Como consta em Memórias de Adriano, “o verdadeiro lugar de nascimento é aquele em que lançamos pela primeira vez um olhar inteligente sobre nós mesmos: minhas primeiras pátrias foram os livros. Em menor escala, as escolas.”
Estudei durante todo o Ensino Fundamental na Escola Estadual Alberto José Ismael, a três quarteirões de casa. Totalizei 10 anos lá. Fiz amizades eternas, que saudade...
Quando eu tinha 8 anos, eu gostava muito de copiar a matéria da lousa. Eu gostava de “escrever”. A professora me perguntou o que eu queria ser quando crescesse. Respondi “escritor” sem a mínima idéia do que era de fato “escrever”. Nem ao menos eu gostava de redação. Lembro bem da sua cara de espanto. Ela sabia que a minha habilidade maior era com os números, não com as letras. E disse que eu deveria fazer computação. Mas eu entendia ainda menos de computadores... Ela prometeu que algum dia me levaria no trabalho do seu filho para me mostrar um computador (coisa rara mesmo naquela época). Até ontem “esse dia” não chegou. Ironicamente, dez anos depois eu estava ingressando no curso de Ciência da Computação. Não que eu já entendesse de computadores...
A idéia de ser escritor passou rápido. Em seguida, quis ser professor.
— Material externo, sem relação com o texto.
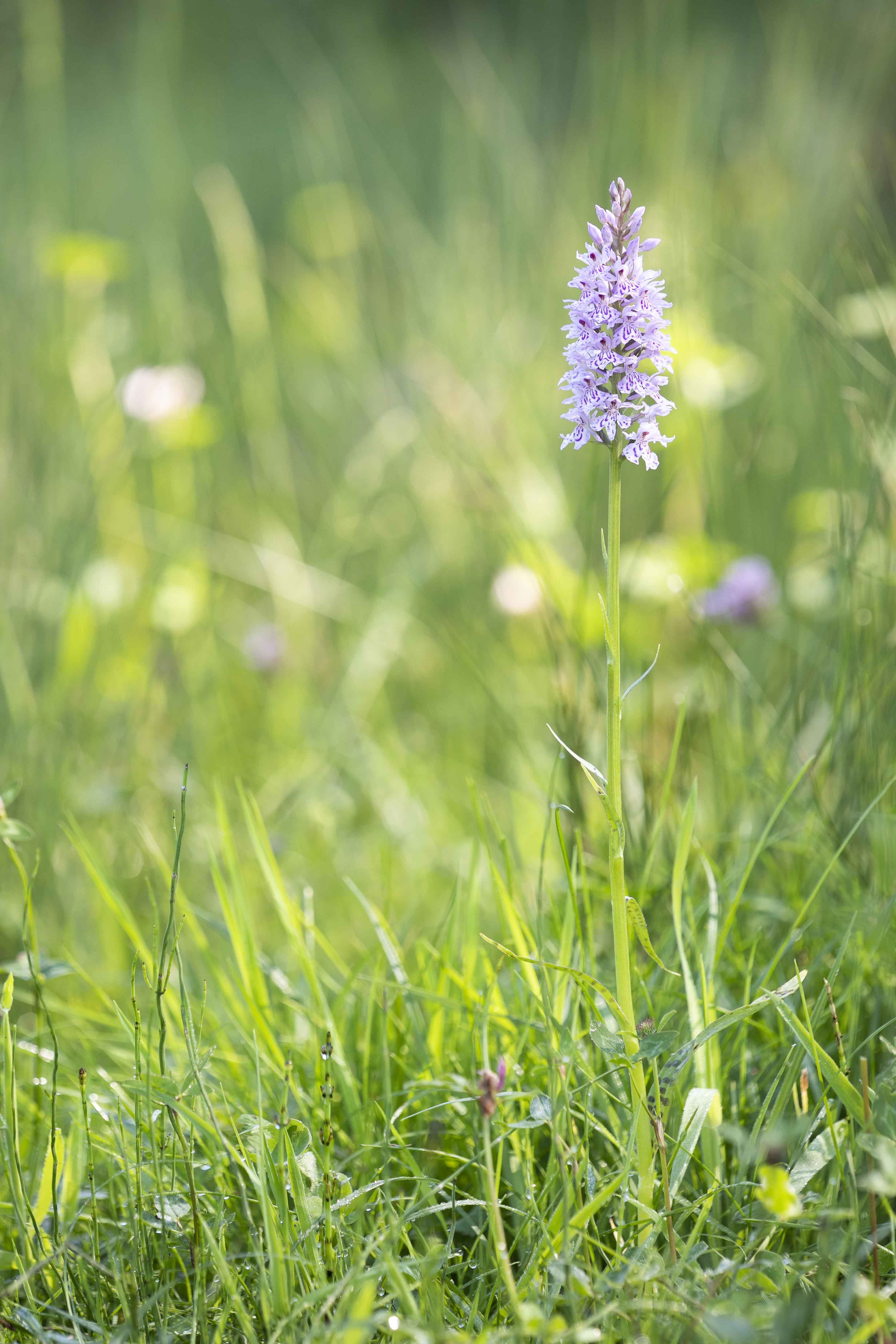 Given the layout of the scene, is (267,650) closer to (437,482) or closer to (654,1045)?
(437,482)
Estava vislumbrado pela beleza da arte de ensinar. É lindo saber e compartilhar. Mas meu pai foi fortemente contra quando lhe disse. Creio que ele esperava que eu fosse mais além. Hoje ele tem orgulho de eu ser professor universitário e pesquisador. Creio que fui mesmo um pouco além.
Eu adorava brincar de escolinha. Eu era o professor dos meus primos menores. Ficava a semana toda preparando exercícios e trabalhinhos para “brincarmos” no final de semana. Coitados! Eu juntava material e me esforçava para bolar tarefas legais, ou eles não topariam brincar comigo. Tinha lousinha, lista de chamada, livrinhos...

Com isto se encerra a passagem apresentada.